Changes to a federal loan program that has helped small businesses weather the COVID-19 pandemic could generate a “huge uptick” in loan demand that has waned in the last few weeks, according to U.S. Small Business Administration officials.
Under changes to the Paycheck Protection Program signed into law on Friday, millions of small businesses across the country that received a PPP loan since early April now have more time to use the money and can direct less of it toward payroll expenses to earn loan forgiveness.
“It absolutely provides greater flexibility for borrowers to qualify for loan forgiveness,” Rob Scott, administrator for the SBA’s six-state Great Lakes Region, said today in a media conference call.
The changes could prompt small businesses that were hesitant to seek a PPP loan because of the prior requirements to now proceed with an application, Scott said.
“With this change in law, I think you’re going to see a huge uptick in PPP loans,” he said. “We get calls everyday at the district offices that there are certainly businesses out there that could use these funds if their states are still closed or whatever the issue may be why they can’t open.”
The Paycheck Protection Flexibility Act that Congress passed and President Trump signed late last week tripled from eight weeks to 24 weeks the amount of time small businesses have to use the PPP money. That helps small businesses that have been completely shut down for weeks or are operating on a limited basis and without full staff.
The law also reduces to 60 percent from 75 percent how much of the loan must go to payroll expenses, providing additional flexibility as well in how PPP loan recipients can use the funds to cover operating expenses such as rent and utilities. Congress also extended from two to five years the time a borrower has to repay loans at an annual interest rate of 1 percent for any amount that does not qualify for loan forgiveness from the SBA.
The SBA will likely issue modified application forms for loans and to seek loan forgiveness, as well as guidance that follows provisions in the Paycheck Protection Flexibility Act, Scott said.

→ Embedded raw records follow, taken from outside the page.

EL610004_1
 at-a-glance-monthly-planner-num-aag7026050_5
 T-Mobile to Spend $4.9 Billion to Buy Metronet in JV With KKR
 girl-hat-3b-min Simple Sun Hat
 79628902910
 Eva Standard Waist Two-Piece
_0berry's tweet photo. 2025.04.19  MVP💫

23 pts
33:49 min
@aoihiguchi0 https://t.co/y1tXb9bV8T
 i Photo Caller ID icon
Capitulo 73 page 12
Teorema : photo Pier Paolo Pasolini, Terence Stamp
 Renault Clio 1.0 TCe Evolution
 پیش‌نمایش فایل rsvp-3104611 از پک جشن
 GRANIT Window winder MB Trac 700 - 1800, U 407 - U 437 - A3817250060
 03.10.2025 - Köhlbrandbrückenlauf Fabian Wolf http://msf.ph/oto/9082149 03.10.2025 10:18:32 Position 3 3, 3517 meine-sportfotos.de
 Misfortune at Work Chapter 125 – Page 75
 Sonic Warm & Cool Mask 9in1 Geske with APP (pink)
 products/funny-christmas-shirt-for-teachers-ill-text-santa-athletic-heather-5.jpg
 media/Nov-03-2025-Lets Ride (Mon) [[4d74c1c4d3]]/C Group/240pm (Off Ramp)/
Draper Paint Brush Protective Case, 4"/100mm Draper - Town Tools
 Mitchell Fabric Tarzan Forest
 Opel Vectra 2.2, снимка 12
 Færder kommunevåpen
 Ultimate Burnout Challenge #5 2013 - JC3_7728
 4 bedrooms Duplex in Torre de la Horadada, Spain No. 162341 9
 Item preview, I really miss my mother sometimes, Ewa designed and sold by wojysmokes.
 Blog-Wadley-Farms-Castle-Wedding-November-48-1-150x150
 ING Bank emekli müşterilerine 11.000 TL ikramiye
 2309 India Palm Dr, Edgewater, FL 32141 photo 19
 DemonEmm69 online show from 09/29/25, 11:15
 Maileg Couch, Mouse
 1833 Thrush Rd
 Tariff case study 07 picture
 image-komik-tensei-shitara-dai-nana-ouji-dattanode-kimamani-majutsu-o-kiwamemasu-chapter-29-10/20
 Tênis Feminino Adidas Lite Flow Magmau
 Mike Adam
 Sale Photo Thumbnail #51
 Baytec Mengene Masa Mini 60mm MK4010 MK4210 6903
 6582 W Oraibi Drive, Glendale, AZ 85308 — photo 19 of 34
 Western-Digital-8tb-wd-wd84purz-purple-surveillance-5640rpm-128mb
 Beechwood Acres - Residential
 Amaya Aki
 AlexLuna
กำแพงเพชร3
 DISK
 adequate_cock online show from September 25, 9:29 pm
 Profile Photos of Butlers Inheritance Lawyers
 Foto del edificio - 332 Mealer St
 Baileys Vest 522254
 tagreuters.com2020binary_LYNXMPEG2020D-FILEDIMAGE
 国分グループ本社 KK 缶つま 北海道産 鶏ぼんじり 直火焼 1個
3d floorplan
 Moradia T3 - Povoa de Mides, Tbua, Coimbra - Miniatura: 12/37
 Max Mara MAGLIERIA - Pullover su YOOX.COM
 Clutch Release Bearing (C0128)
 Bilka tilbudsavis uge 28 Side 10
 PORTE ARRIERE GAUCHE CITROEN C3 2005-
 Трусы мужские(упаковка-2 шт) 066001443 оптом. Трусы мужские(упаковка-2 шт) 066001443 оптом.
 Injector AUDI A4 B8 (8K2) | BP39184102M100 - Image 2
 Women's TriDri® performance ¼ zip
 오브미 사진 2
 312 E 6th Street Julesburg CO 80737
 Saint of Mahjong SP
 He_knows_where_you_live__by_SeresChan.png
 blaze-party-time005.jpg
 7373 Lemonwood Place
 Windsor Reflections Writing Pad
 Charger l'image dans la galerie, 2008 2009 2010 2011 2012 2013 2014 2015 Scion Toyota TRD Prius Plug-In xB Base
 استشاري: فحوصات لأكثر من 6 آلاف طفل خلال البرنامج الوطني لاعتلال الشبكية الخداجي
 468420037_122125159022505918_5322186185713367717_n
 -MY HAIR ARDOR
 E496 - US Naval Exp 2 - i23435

“We haven’t had a lot of activity when it comes to PPP loans” in recent weeks, he added, because many small businesses that had not already applied doubted they could meet the prior requirements to use the money and earn loan forgiveness. Some small business owners were “scared” they would not qualify for forgiveness and would have to pay back the loan in just two years, he said.
“With this new guidance and the coverage period that opened up to 24 weeks, it’s going to allow more businesses to relook at the program and think, ‘OK, I can actually spend the monies that are sent to me, 60 percent on payroll, and not be up against a deadline,’” said Scott, who described a recent conversation with a restaurant owner at an event in Cincinnati, Ohio, who got a PPP loan and was “terrified of that two-year term.”
“He was like, ‘Listen. If I have to pay it back and it’s not forgiven, it’s going to put me out of business. I’m not going to afford the payment every month,’” Scott said.
Nationally, the SBA as of June 6 approved more than 4.5 million PPP loans totaling for $511 billion. The SBA has about $135 billion in PPP funding to lend, Scott said. In Michigan, the SBA approved 114,361 PPP loans for $15.7 billion.
The SBA is accepting PPP loan applications until June 30.